Same for the similar idiom:

     try:
         from module import name
     except ImportError:
         def name(arg):
             # re-implement basic version as a fallback


I use those two idioms frequently. The last thing I want is for the
behaviour of import to change, which would potentially change the
behaviour above from what's tested and works to something which might
pick up *the wrong module* from what I'm expecting it to pick up.
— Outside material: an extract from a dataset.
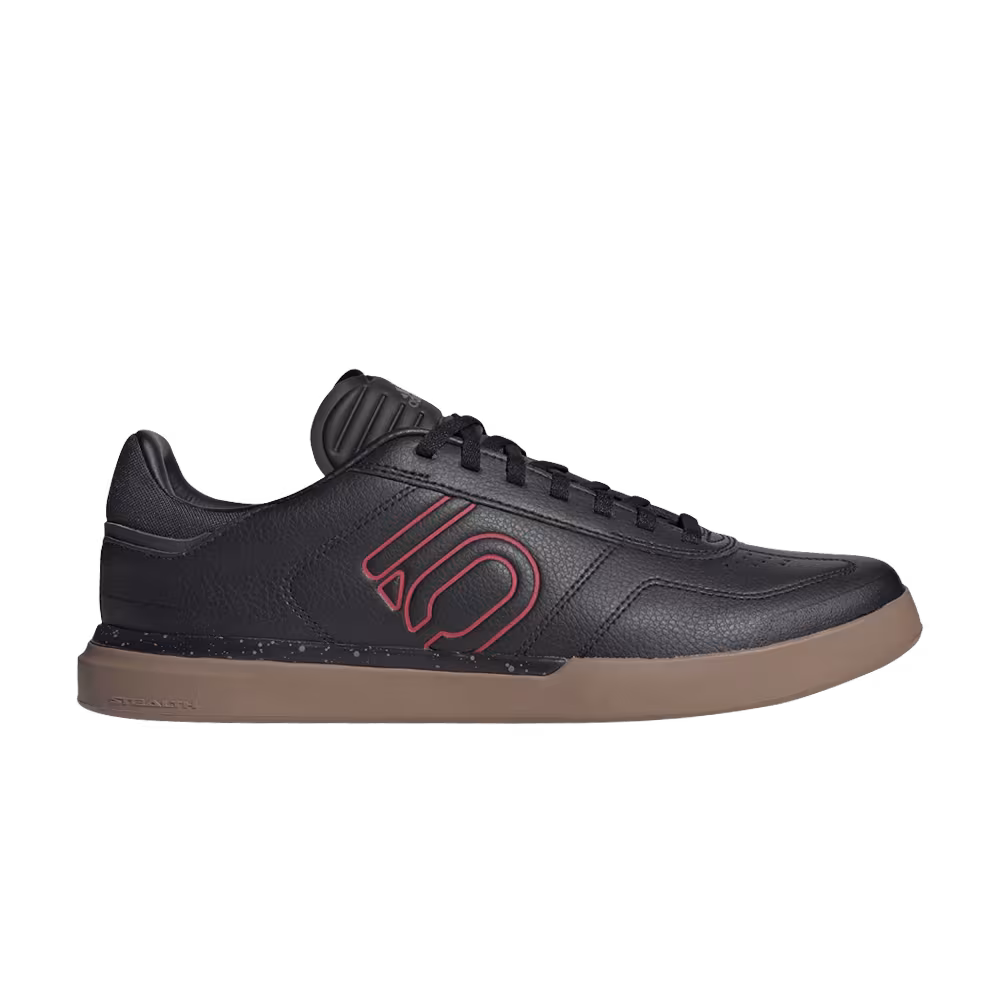 Adidas Five Ten Sleuth DLX Black Scarlet Gum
You are asking us to change the behaviour of import in the case of
shadowing, to support a use-case which is (in my, and probably most
peoples, opinion) very poor practice. That has some pretty surprising
consequences:

      from module import spam
      from module import eggs

You would expect that spam and eggs both come from the same module,
right? Surprise! No they don't, with your proposal they might come from
different modules. That's going to play havok with debugging.

     import module
     from module import name
     assert name is module.name

You would expect that assertion to be true, right? (Importing doesn't
copy objects.) Surprise! The assertion can raise AttributeError:
module.name might not exist even if ``from module import name``
succeeds.

I expect that with a bit more thought I could come up with some more
scenarios where the behaviour of Python programs could change in very
surprising ways.

So I will argue against this proposed change.